Purtroppo il disastro nel Golfo del Messico continua anche questa settimana, nel frattempo gli sforzi della BP nel contenimento della falla continuano ad incontrare intoppi ed i residenti lungo la costa si accapigliano per pulire le spiaggie e salvaguardare la propria vita. Molti hanno criticato il governo federale durante le scorse settimane per non aver fatto abbastanza. La realtà è che di governo ce n'è tanto, fin troppo anche e la conseguenza di ciò può solo prolungare il problema ed indirizzare il dolore nella parte sbagliata. Per esempio, nel tentativo "di fare qualcosa" l'amministrazione di governo ha emanato un divieto unilaterale per le perforazioni in mare aperto. Questo è controproducente. Sono orgoglioso di partecipare alla rimozione di suddetto divieto. Perchè punire altre compagnie petrolifere ed i loro lavoratori che non hanno avuto niente a che fare con quel disastro e, soprattutto, hanno migliori regole sulla sicurezza?

E, come di solito accade dopo i disastri, molte persone -- perfino ufficiali di governo locale e statale -- sono venute a conoscenza di chi sapeva cosa bisognava fare e vorrebbero aiutare, ma sono stati ostacolati da rigidi burocrati federali mentre il petrolio continuava a sgorgare. Il vero problema non è tanto la mancaza di assistenza governativa, ma la mancata presa in considerazione di quelle persone che hanno le soluzioni. Si è assistito allo stesso fenomeno durante gli uragani Katrina ed Ike. Sembra che il ruolo principale del governo in queste situazioni sia trovare scuse per prendere tempo, organizzare meetings e conferenze stampa, sprecare denaro, punire le persone sbagliate e sovra-regolare.

Nonostante i vari esempi di incompetenza del passato, le persone ancora si affidano ai governi per risolvere i problemi quando ci sono simili disastri. Un governo che cerca di essere tutte le cose per tutte le persone potrebbe causare un circolo di crescente dipendenza, ma ultimamente fa solo del male alle persone che dovrebbe servire, le quali aspettano senza speranza la salvezza da Washington.

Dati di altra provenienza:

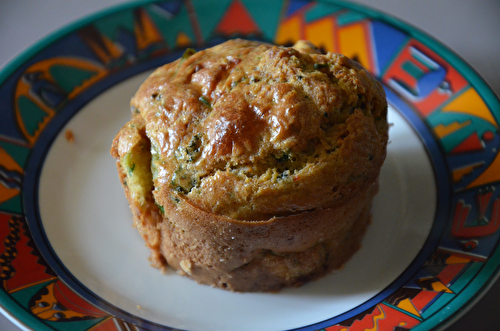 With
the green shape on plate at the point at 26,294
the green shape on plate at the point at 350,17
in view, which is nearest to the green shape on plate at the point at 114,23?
the green shape on plate at the point at 350,17

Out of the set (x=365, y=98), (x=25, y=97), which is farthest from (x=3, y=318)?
(x=365, y=98)

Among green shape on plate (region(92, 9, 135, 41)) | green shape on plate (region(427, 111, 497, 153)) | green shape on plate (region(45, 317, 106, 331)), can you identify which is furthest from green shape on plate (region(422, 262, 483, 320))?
green shape on plate (region(92, 9, 135, 41))

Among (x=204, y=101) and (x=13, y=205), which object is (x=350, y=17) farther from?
(x=13, y=205)

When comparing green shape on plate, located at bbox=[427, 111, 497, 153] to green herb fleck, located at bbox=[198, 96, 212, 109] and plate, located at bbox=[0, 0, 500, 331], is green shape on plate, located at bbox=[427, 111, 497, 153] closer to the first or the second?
plate, located at bbox=[0, 0, 500, 331]

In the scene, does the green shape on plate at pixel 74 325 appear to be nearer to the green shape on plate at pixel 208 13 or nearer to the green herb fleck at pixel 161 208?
the green herb fleck at pixel 161 208

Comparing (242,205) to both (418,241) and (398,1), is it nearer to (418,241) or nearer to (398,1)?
(418,241)

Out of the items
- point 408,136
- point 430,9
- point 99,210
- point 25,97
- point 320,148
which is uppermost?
point 430,9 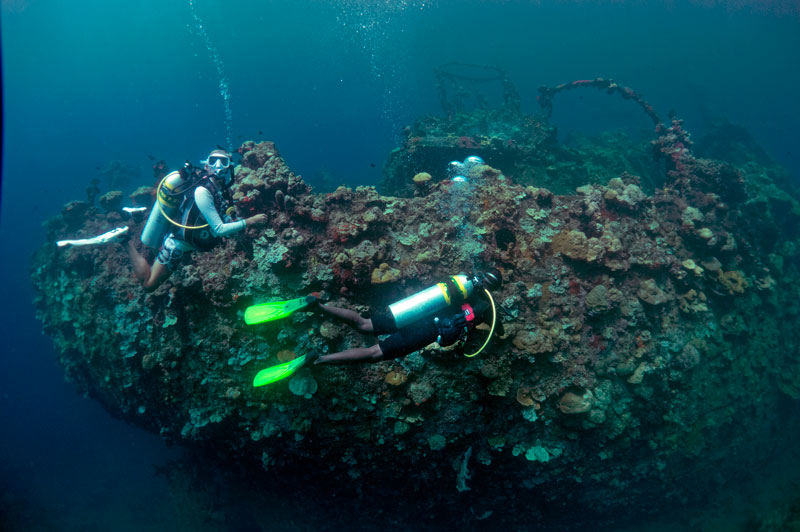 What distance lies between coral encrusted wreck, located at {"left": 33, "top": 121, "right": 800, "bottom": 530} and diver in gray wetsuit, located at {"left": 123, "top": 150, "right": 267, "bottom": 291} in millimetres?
513

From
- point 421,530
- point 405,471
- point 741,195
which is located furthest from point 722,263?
point 421,530

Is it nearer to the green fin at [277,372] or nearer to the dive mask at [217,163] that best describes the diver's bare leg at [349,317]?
the green fin at [277,372]

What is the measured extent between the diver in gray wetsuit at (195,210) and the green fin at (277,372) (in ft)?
8.54

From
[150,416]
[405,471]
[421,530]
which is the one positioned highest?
[405,471]

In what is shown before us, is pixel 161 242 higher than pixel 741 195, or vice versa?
pixel 161 242

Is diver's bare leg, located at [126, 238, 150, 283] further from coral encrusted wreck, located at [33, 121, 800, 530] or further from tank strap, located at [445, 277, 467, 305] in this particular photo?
tank strap, located at [445, 277, 467, 305]

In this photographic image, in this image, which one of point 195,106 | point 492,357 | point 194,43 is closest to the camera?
point 492,357

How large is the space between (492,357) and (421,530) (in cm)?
522

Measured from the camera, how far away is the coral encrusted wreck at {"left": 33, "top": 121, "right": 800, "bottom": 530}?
19.6ft

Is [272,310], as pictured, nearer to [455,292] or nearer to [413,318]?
[413,318]

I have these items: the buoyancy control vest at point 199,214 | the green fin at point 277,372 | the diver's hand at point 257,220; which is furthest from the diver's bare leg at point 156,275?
the green fin at point 277,372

Il governo potrebbe dare una mano punendo i gruppi pienamente responsabili dei danni e pulire le coste. Sono speranzoso che gli sforzi per fare ciò sono genuini e la BP sia veramente ritenuta responsabile per tutti i danni, e non protetta o rimborsata sottobanco con i soldi dei contribuenti. Sfortunatamente, una grande somma dei soldi delle tasse, che dovrebbero finire nelle casse della BP, è stata convogliata nell'imminente conto supplementare per la pulitara del Golfo. I contribuenti non dovrebbero soccorrere un delle più grandi compagnie petrolifere che ha causato un tale disastro alle nostre spiagge.

E' da notare che la BP non è esattamente un bastione di libero mercato. Piuttosto sono molto interessati nell'acquisizione di sussidi governativi, di politiche di favore, e dell'impastoiamento dei meccanismi di competizione. BP è anche stata una delle maggiori influenzatrici del sistema cap-and-trade, al fine di far approvare una certa serie di provvedimenti nella legislazione dai quali avrebbe tratto profitto. Pensando a chi fa pressioni per loro e per cosa fa pressioni, la mia preoccupazione è che ciò possa intaccare il fatto che loro siano pienamente e strettamente responsabili del disastro facendo finire il tutto come un misero gioco delle tre carte, lasciando i contribuenti cornuti e mazziati.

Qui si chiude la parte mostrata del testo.